• [ABOUT THIS EXERCISE]: For the material below, return exactly the lines starting at the one holding "Ban gai Ho Minh" and ending at the one holding "المغارة الميلاديّة في", counting both as part of the range.

• [SUPPLIED DATA]:
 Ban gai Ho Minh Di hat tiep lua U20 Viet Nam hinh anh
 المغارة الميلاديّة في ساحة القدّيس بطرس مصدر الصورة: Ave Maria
---
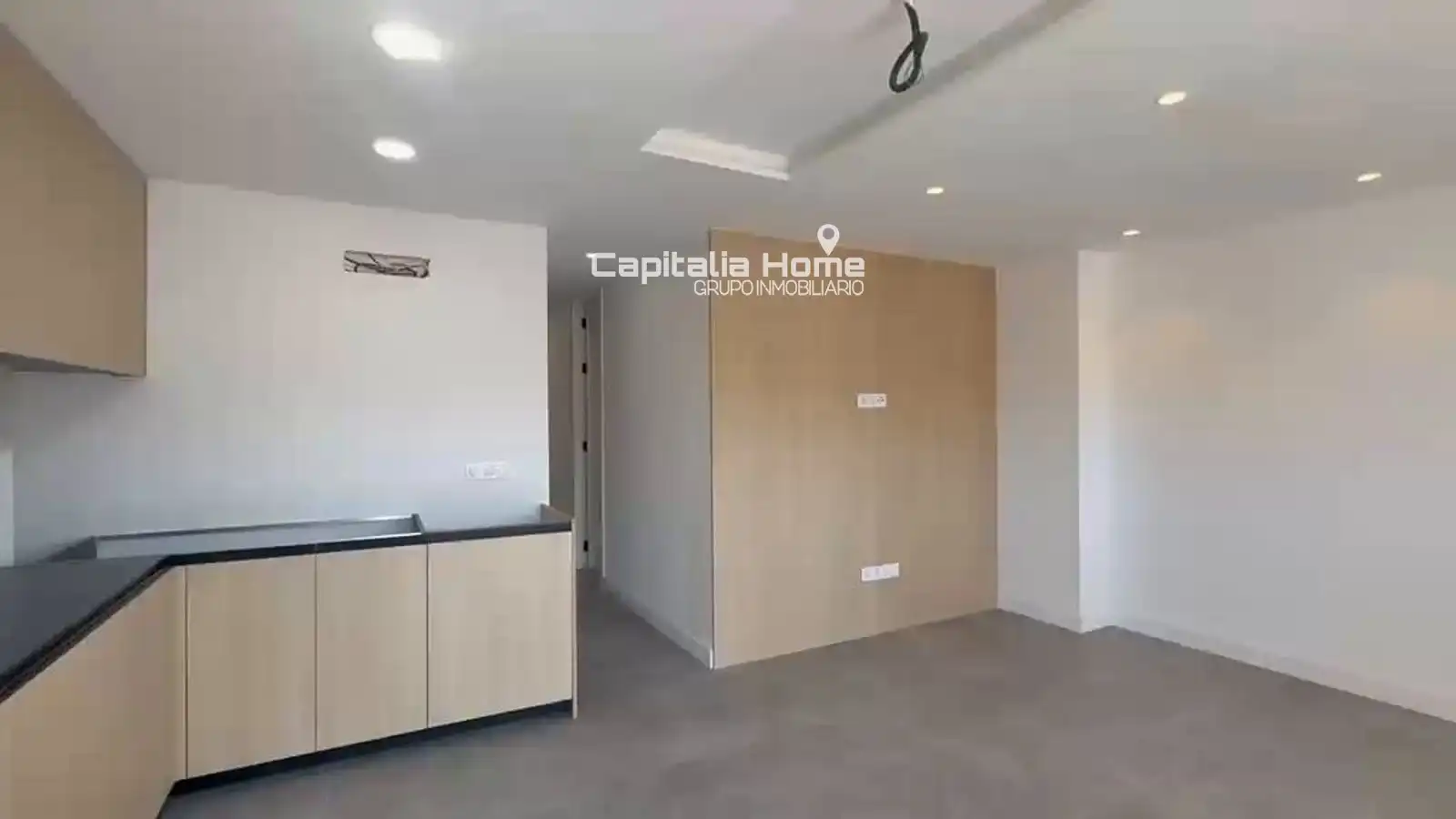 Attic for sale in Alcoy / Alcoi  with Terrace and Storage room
==
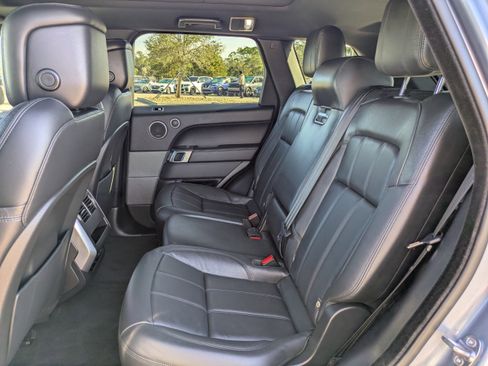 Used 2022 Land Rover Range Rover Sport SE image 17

• [ANSWER FOR THIS EXERCISE]:
 Ban gai Ho Minh Di hat tiep lua U20 Viet Nam hinh anh
 المغارة الميلاديّة في ساحة القدّيس بطرس مصدر الصورة: Ave Maria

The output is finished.